Key Concepts and Formulas

• Functional Equations: Understanding how to manipulate and solve equations involving functions.
• Geometric Series: The sum of an infinite geometric series $a + ar + ar^2 + \dots$ is given by $\frac{a}{1-r}$ for $|r| < 1$.
• Continuity of Functions: If a function $f$ is continuous at a point $c$, then $\lim_{x \to c} f(x) = f(c)$.

Step-by-Step Solution

Step 1: Analyze the given functional equation. We are given the functional equation $f(3x) - f(x) = x$ for all $x \in \mathbb{R}$. This equation relates the function's value at a point $x$ to its value at $3x$.

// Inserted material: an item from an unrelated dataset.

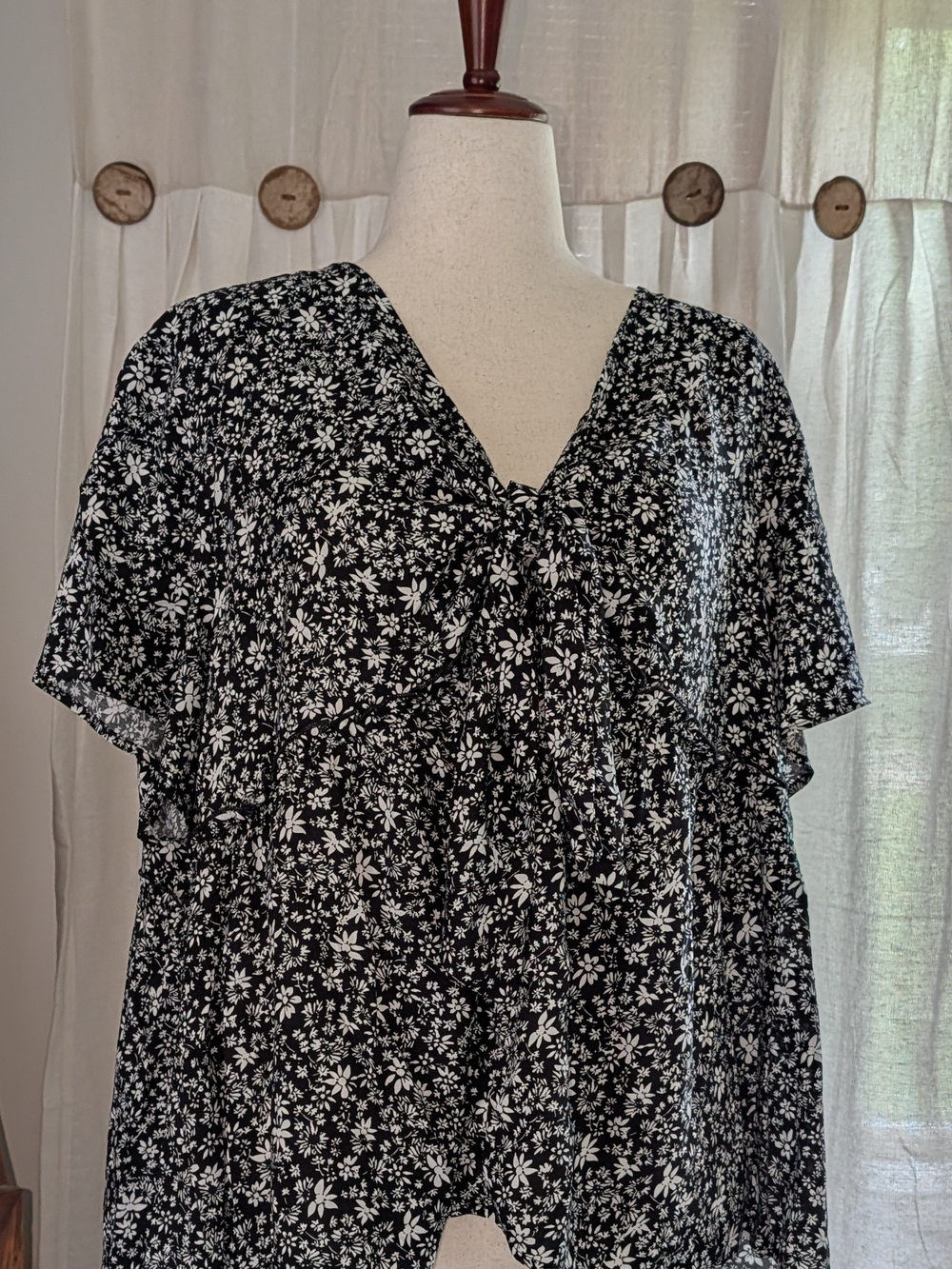 Suzanne Betro Black and White Floral Tie-Front Blouse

Step 2: Generate a sequence of related equations by repeatedly substituting $x$ with $x/3$. The goal is to create a telescoping sum. Given $f(3x) - f(x) = x$. Let $x$ be replaced by $x/3$: $f(3(x/3)) - f(x/3) = x/3$ $f(x) - f(x/3) = x/3$ (Equation 2)

Let $x/3$ be replaced by $x/9$ in Equation 2: $f(x/3) - f(x/9) = (x/3)/3 = x/9$ (Equation 3)

Continuing this pattern, for any positive integer $n$, we can write: $f\left(\frac{x}{3^{k-1}}\right) - f\left(\frac{x}{3^k}\right) = \frac{x}{3^k}$ for $k = 1, 2, \dots, n$.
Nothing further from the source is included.